Caption-style text data
↓
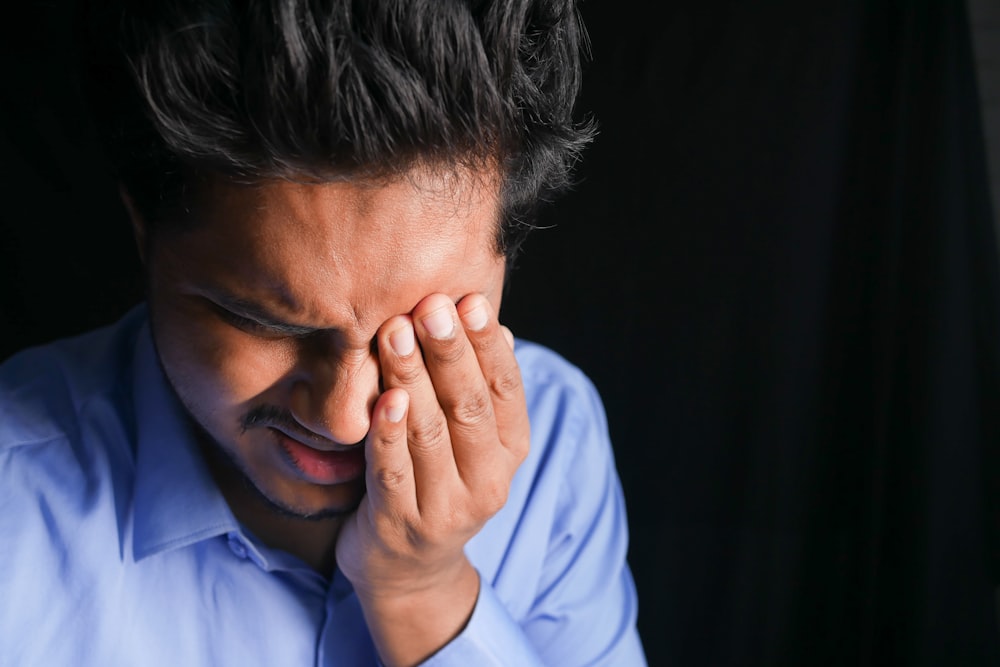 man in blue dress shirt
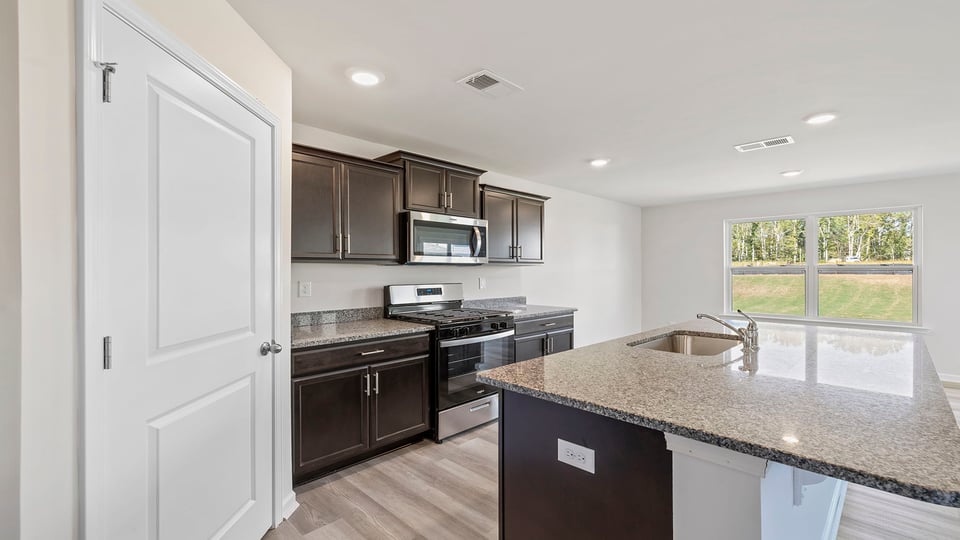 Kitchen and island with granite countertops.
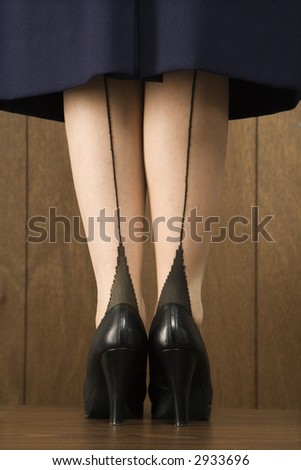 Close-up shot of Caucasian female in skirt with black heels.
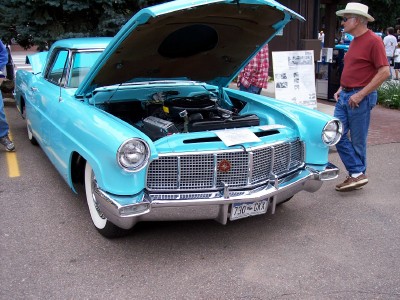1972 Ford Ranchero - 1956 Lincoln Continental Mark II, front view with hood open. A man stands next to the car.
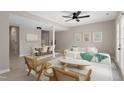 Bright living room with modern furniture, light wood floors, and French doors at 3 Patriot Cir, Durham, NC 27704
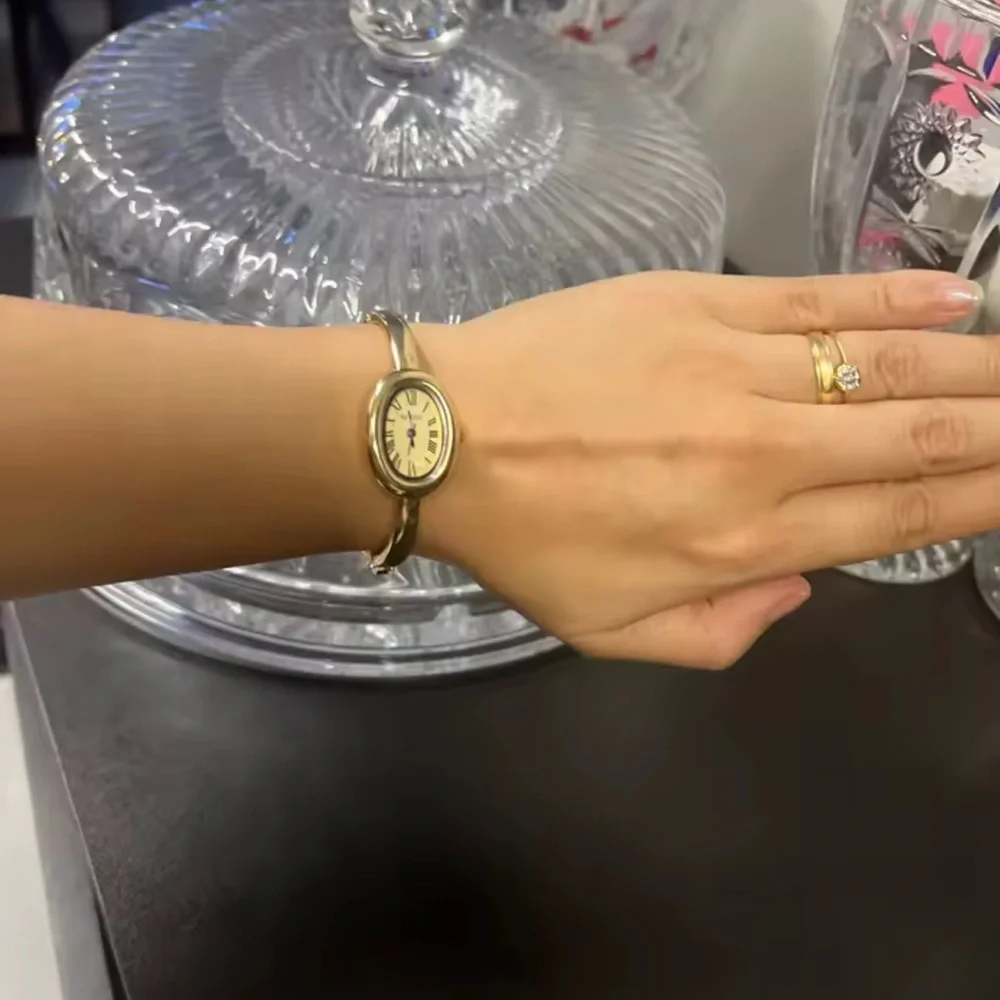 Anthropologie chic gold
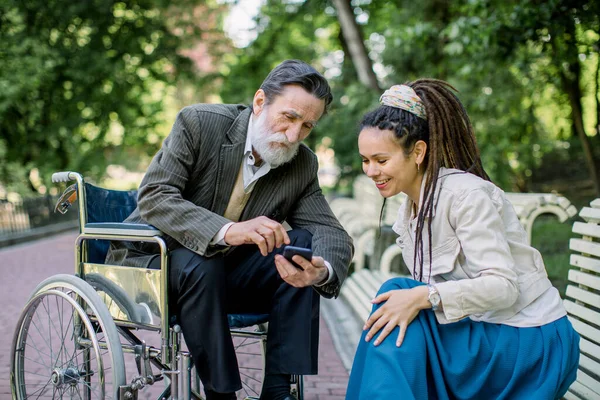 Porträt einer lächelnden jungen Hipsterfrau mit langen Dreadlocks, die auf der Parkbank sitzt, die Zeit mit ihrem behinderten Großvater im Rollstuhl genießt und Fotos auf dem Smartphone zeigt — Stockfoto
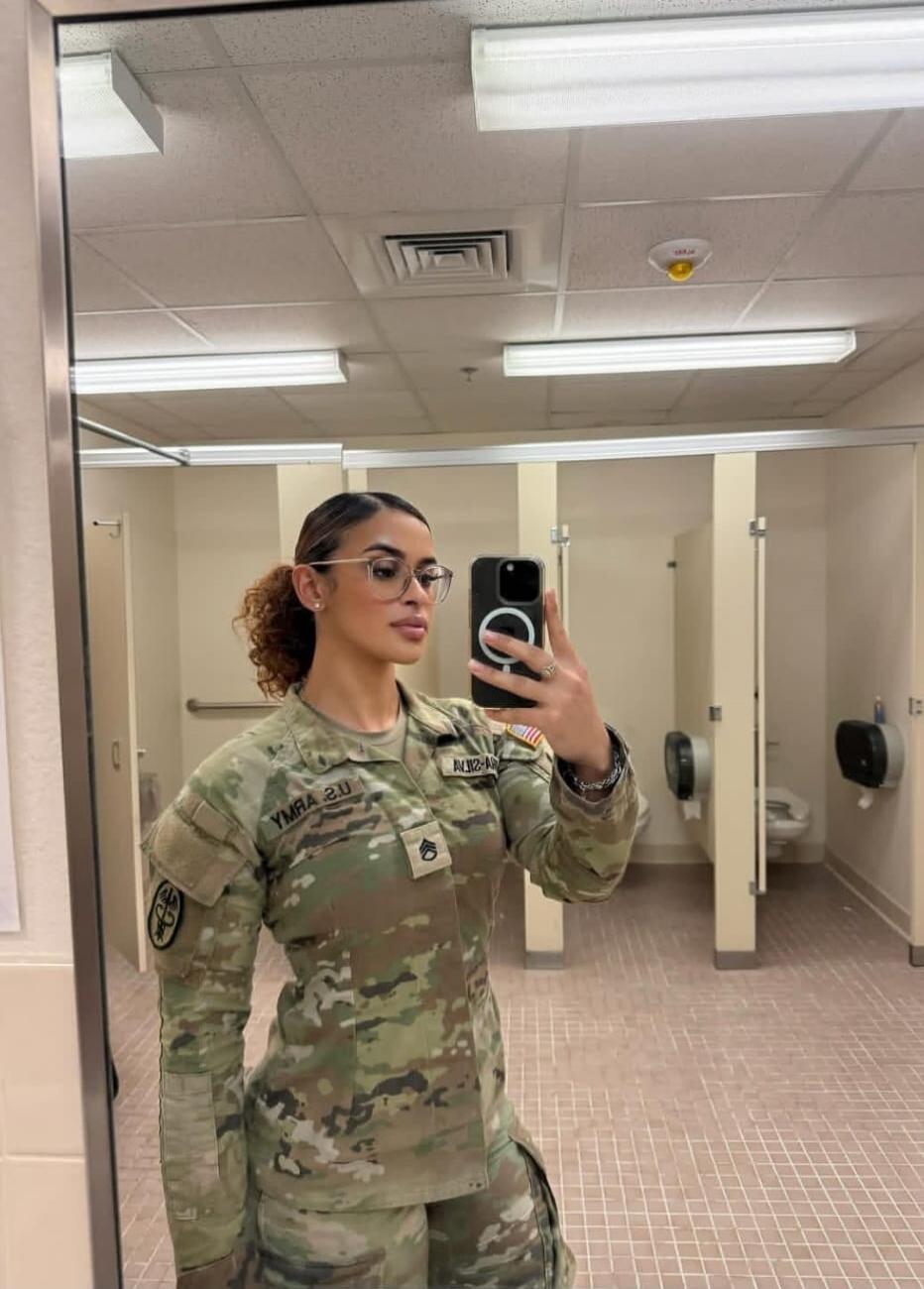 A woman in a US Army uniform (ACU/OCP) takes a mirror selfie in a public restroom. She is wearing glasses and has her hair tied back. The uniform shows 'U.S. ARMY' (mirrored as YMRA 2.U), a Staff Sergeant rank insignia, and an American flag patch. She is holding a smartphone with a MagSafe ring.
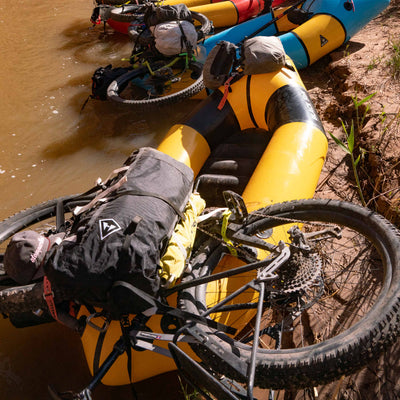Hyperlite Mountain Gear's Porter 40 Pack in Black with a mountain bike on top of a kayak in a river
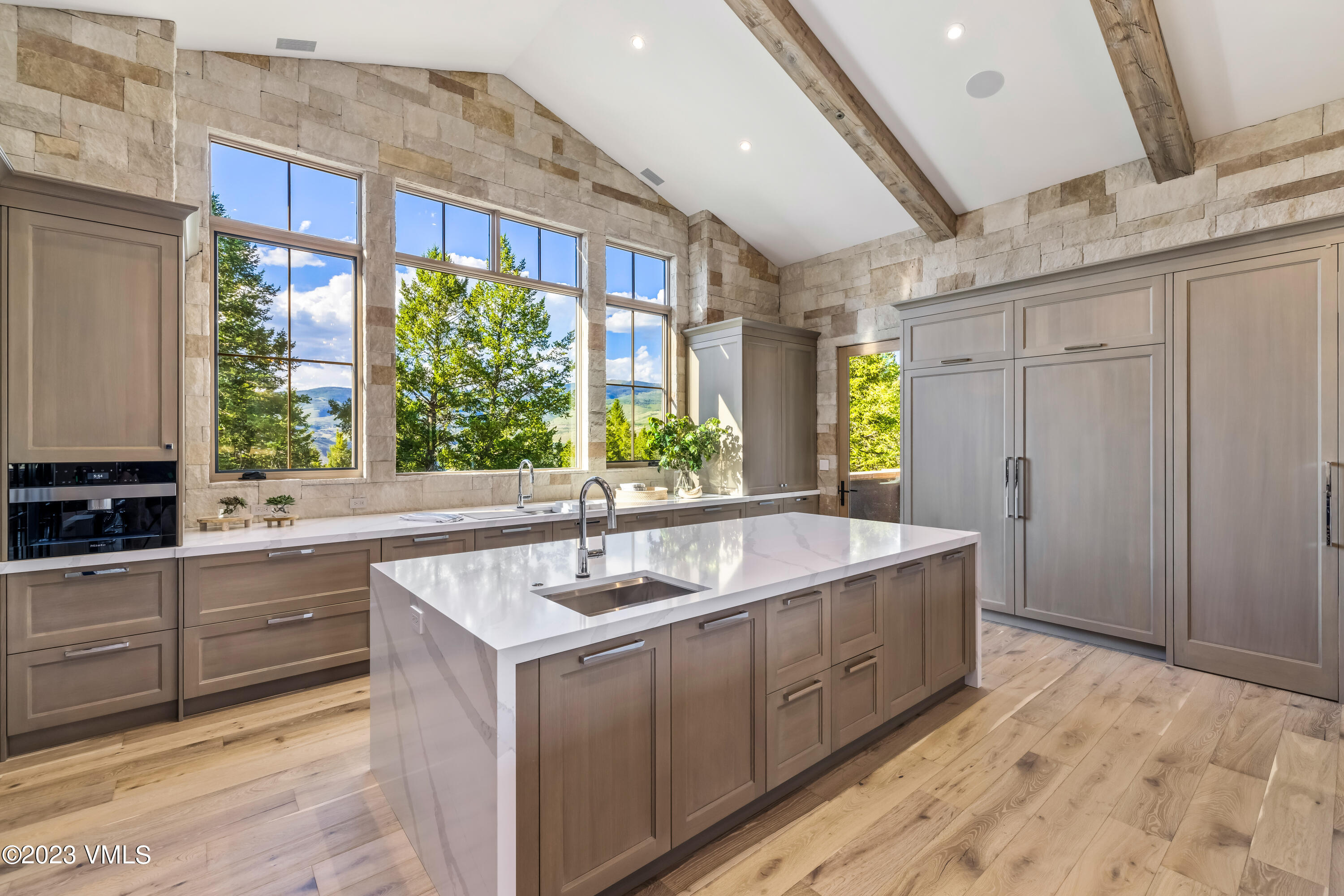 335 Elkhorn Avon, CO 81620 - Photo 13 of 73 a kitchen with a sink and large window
↑
From the first line above to the line containing "Anthropologie chic gold", repeat each line exactly. Pictures stay out.

 man in blue dress shirt
 Kitchen and island with granite countertops.
 Close-up shot of Caucasian female in skirt with black heels.
1972 Ford Ranchero - 1956 Lincoln Continental Mark II, front view with hood open. A man stands next to the car.
 Bright living room with modern furniture, light wood floors, and French doors at 3 Patriot Cir, Durham, NC 27704
 Anthropologie chic gold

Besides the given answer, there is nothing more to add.